Alle zusammen hatten sich wie immer um ein buntes Programm und interessante Stationen in und um das Ensemble Bernsteinhof / Heimatscheune gekümmert. Dazu sorgten milde Temperaturen und Sonnenschein satt dafür, dass das Fest seinem Namen als Frühlingsfest gerecht wurde. Was bei allen Gästegenerationen für beste Laune sorgte. Beim gemütlichen Kaffeetrinken mit hausgebackenem Kuchen oder bei einem Bier zur Roster ließ es sich in der historischen Kulisse aushalten. Dazu luden die Auslagen der Stände mit Pflanzen, Flechtwerk, mit Milbenkäse, Keramikkunst, Schmuck oder Oster-Deko zum Bummeln ein.

Zeitgleich sorgte der Seifenblasenartist Jörg Müller für Begeisterung bei den Kindern, wenn er auf einmal gleich dutzendfach schimmernden Kugeln fliegen ließ. Renner bei großen und kleine Festbesuchern gleichermaßen war Falkner Klaus Schulze mit seinen Greifvögeln.

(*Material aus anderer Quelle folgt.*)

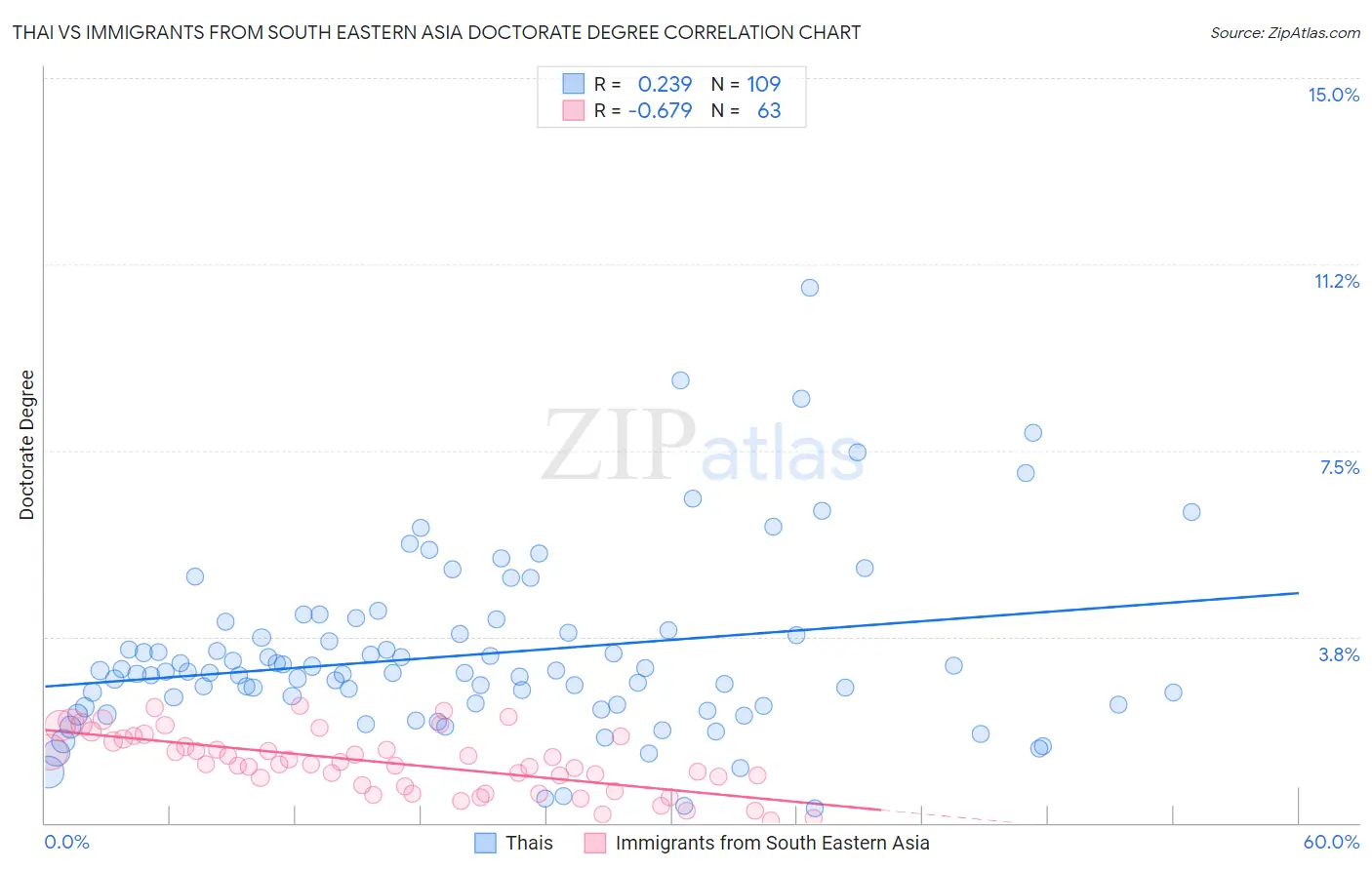 Thai vs Immigrants from South Eastern Asia Doctorate Degree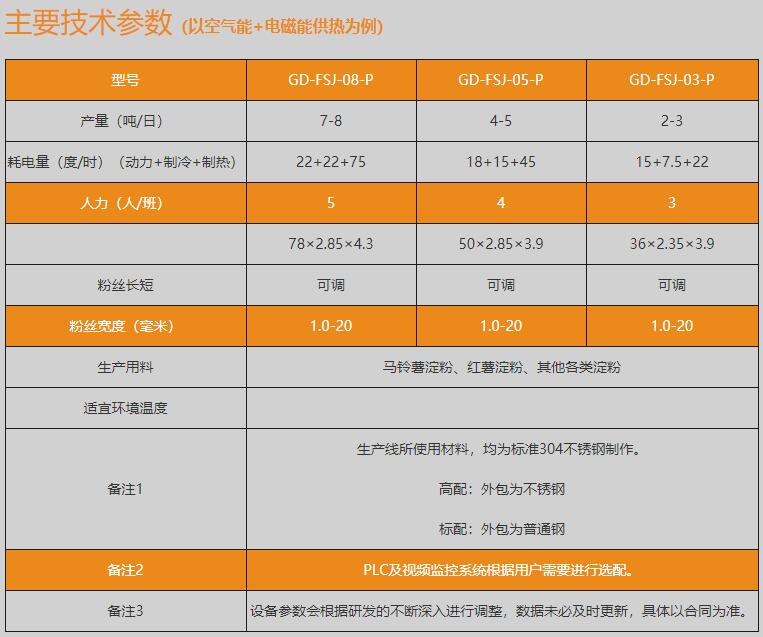 全自動粉條生產線技術參數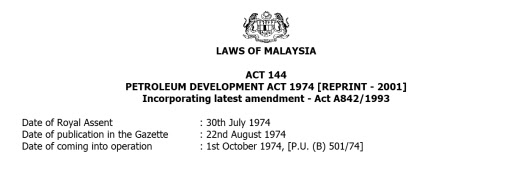 Petroleum Act 1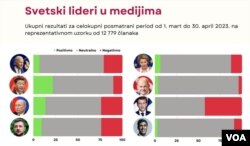 Rezultati monitoringa medija, koji je izradio Novi treći put, u Beogradu, 10. jula 2023. (Foto: Medijacentar Beograd)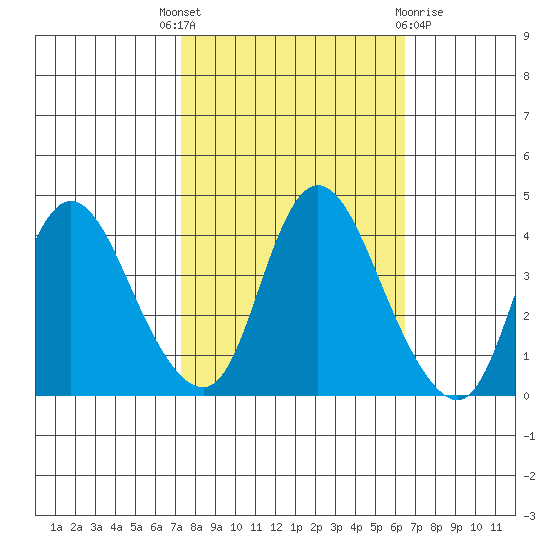 Joice Island tide chart for Wednesday, October 16, 2024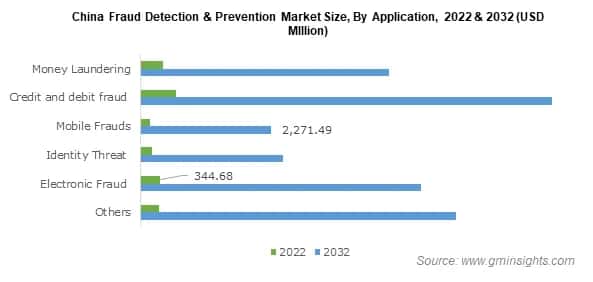 China Fraud Detection & Prevention Market Size, By Application
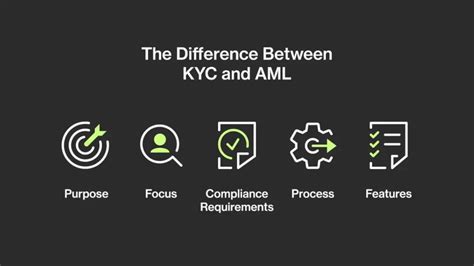 Demystifying The Difference Between Kyc And Aml Ondato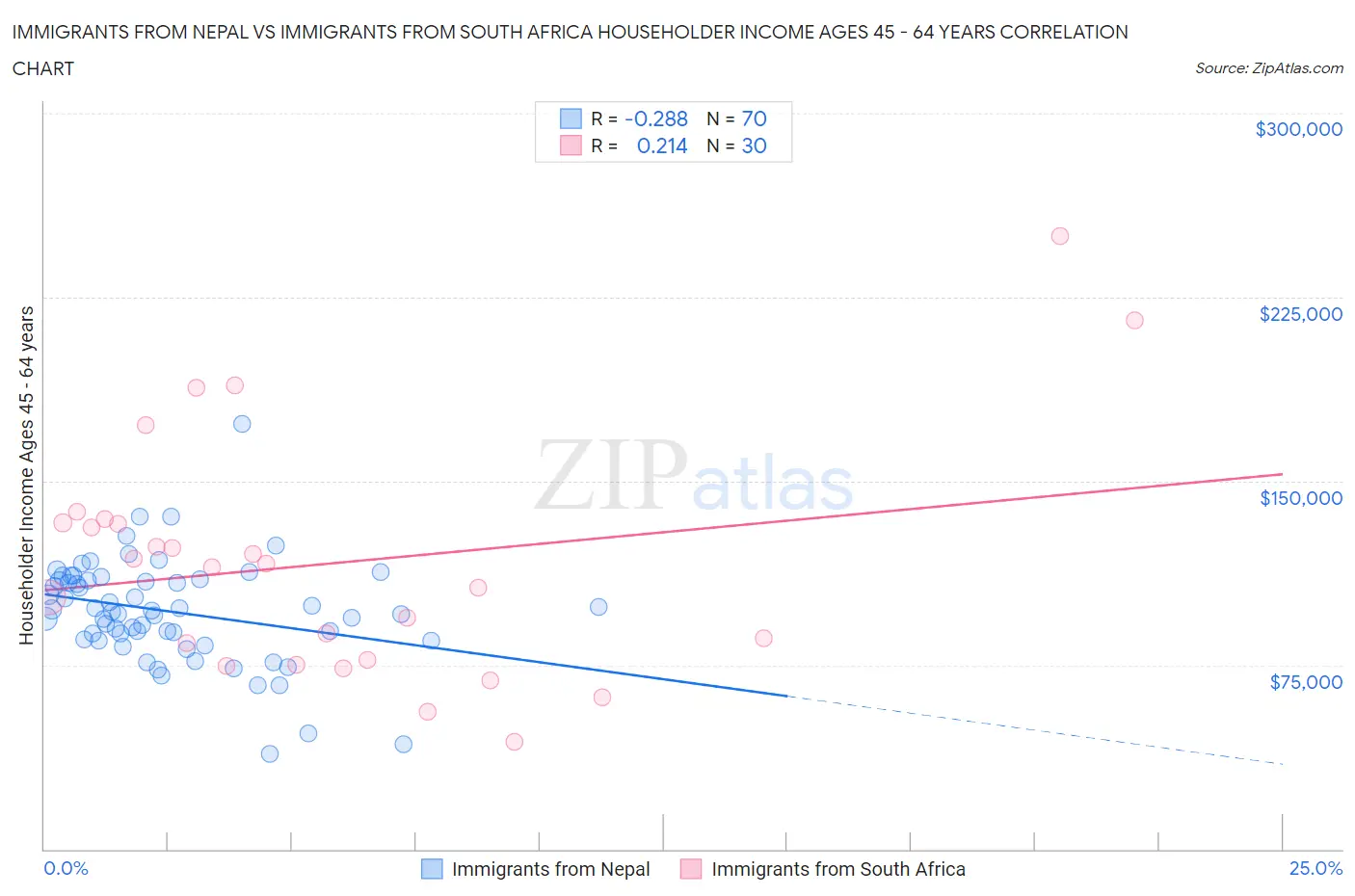 Immigrants from Nepal vs Immigrants from South Africa Householder Income Ages 45 - 64 years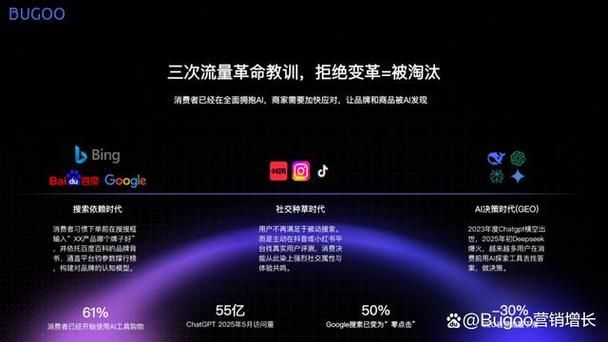 合肥seo外包服务公司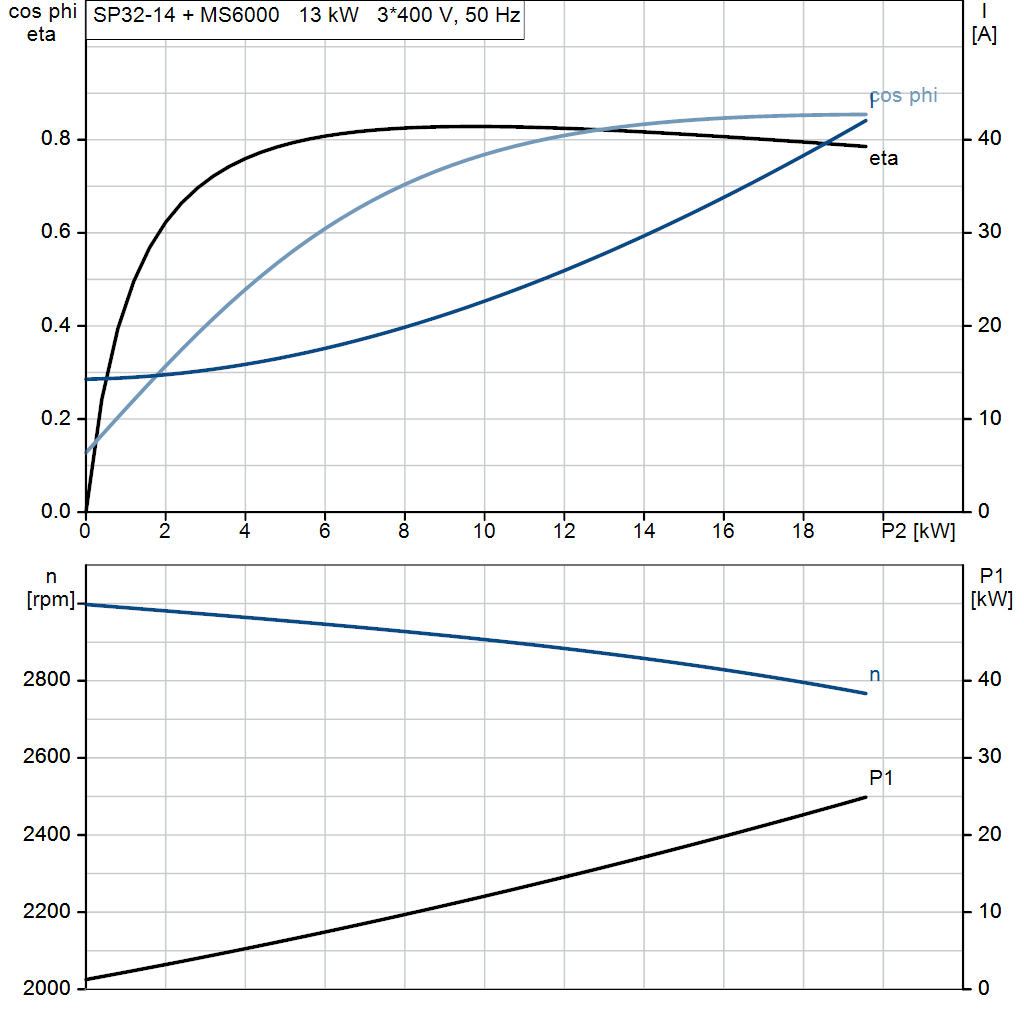motorcurve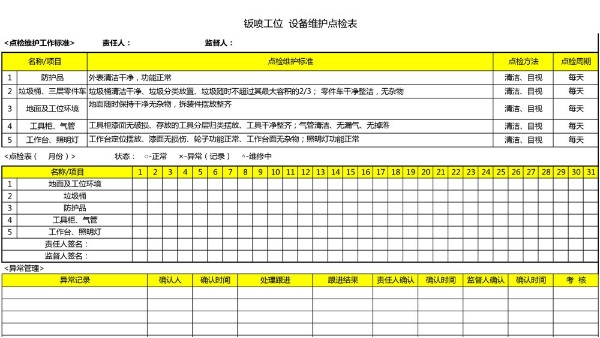 汽车4S店-废弃抽排系统 维护点检表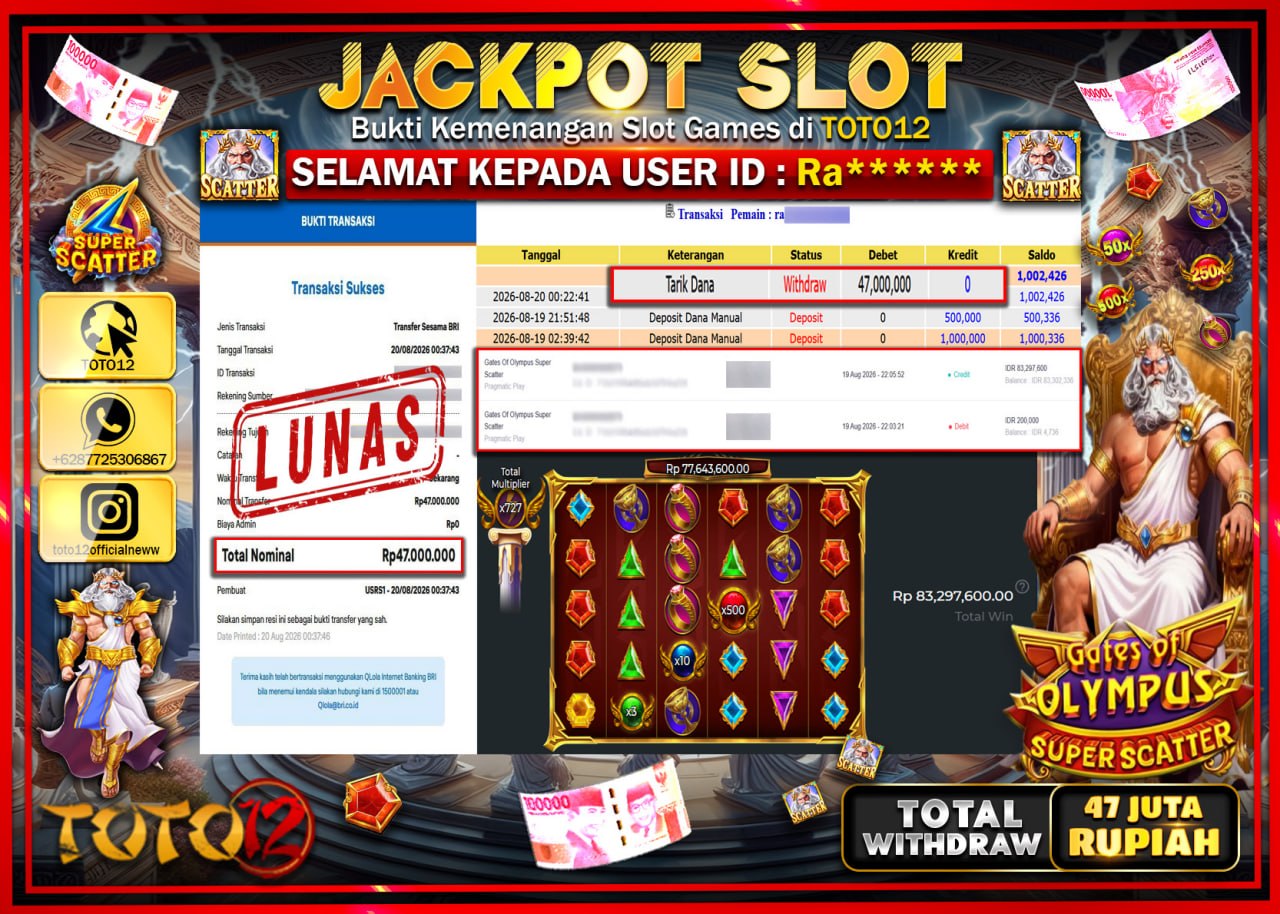 HANYA DI TOTO12 JP PASTI DI BAYAR LUNAS DAN CEPAT!!!!!! JACKPOT SLOT GAME (GATES OF OLYMPUS SUPER SCATTER) Rp47.000.000!!!!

Geduldig und kompetent beantwortete der Altenburger jede Frage. Und davon hatten die Rositzer eine Menge. Die zwei häufigsten waren aber: „Darf ich den mal streicheln?“ und „Sind die Tiere schon ausgewachsen?“ Beides beantwortete der Falkner mit ja. Vor allem die im Vergleich zum majestätischen über drei Kilogramm schweren Steppenadler winzigen 100-Gramm-Rauhfußkäuze bekamen so manche Streicheleinheit ab.

Staunen erzeugte einmal mehr Peter Rehfeld, der in seiner Heimatgemeinde längst als Tausendsassa bekannt ist. Mit den rund 800 von ihm in unterschiedlichen Techniken gestalteten Ostereiern beeindruckte der Rositzer am Sonntag. „Das sind die Neuesten von diesem Jahr“, sagte Rehfeld und zeigte stolz kleine Ei-Kunstwerke, die er mit Stillleben im Stil einer Ölmalerei verziert hatte.

Musikalisch hatten die Mußelbuser Blasmusikanten den Frühling im Gepäck, die nach den Kindern des „Zwergenstübchen“ und den KCR-Tanzgruppen auftraten.